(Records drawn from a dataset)
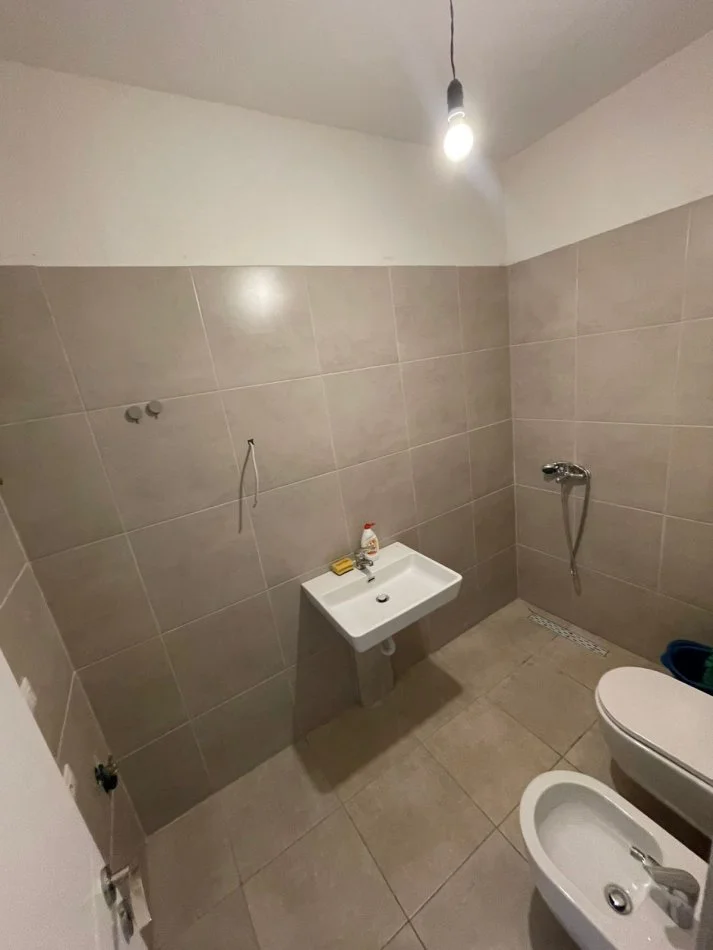 Tirane, jap me qera apartament 2+1 Kati 2, 65 m² 350 € (Fusha Aviacionit)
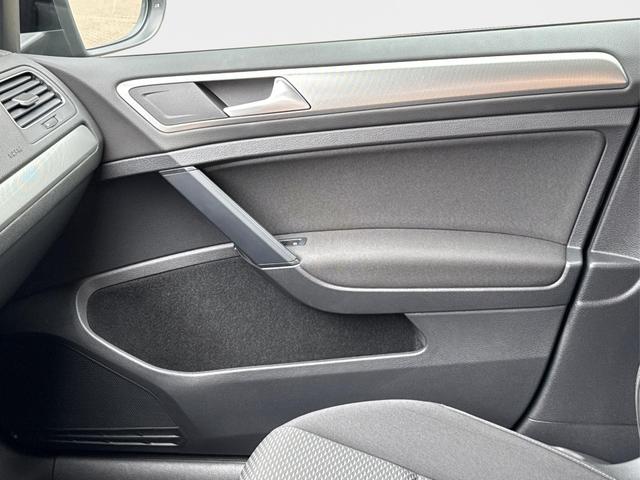 Volkswagen / Golf / Schwarz / / / PDC+TEMPOMAT+CLIMATRONIC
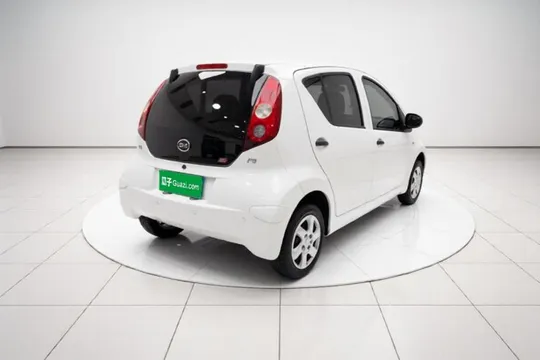BYD F0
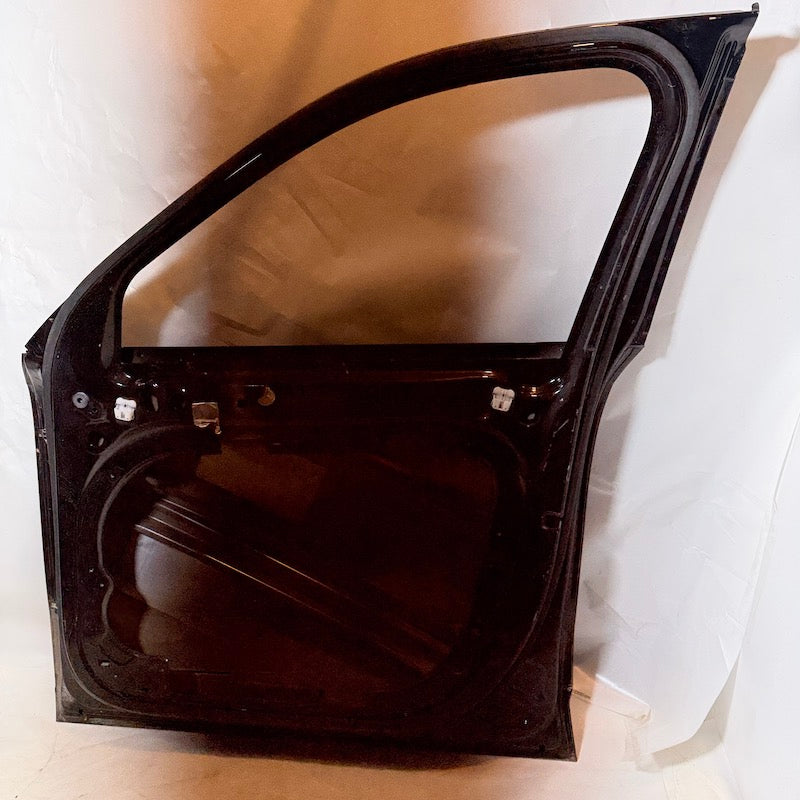 Volvo XC90 Sağ Ön Kapı 15-25 En Uygun Oto Parça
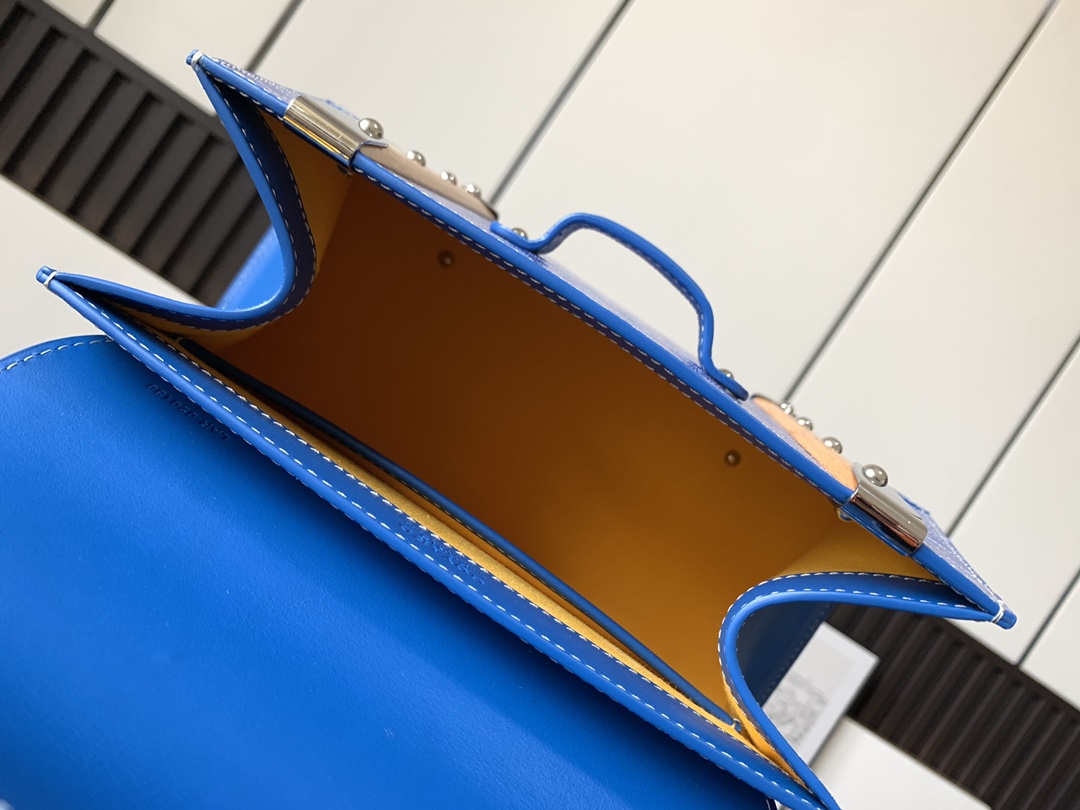 Goyard Blue Goyardine Saigon PM Cloth Cloth ref.1979482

* TO DO: Please restate each entry exactly, but drop any picture it holds.

* ANSWER TO THIS PROBLEM:
 Tirane, jap me qera apartament 2+1 Kati 2, 65 m² 350 € (Fusha Aviacionit)
 Volkswagen / Golf / Schwarz / / / PDC+TEMPOMAT+CLIMATRONIC
BYD F0
 Volvo XC90 Sağ Ön Kapı 15-25 En Uygun Oto Parça
 Goyard Blue Goyardine Saigon PM Cloth Cloth ref.1979482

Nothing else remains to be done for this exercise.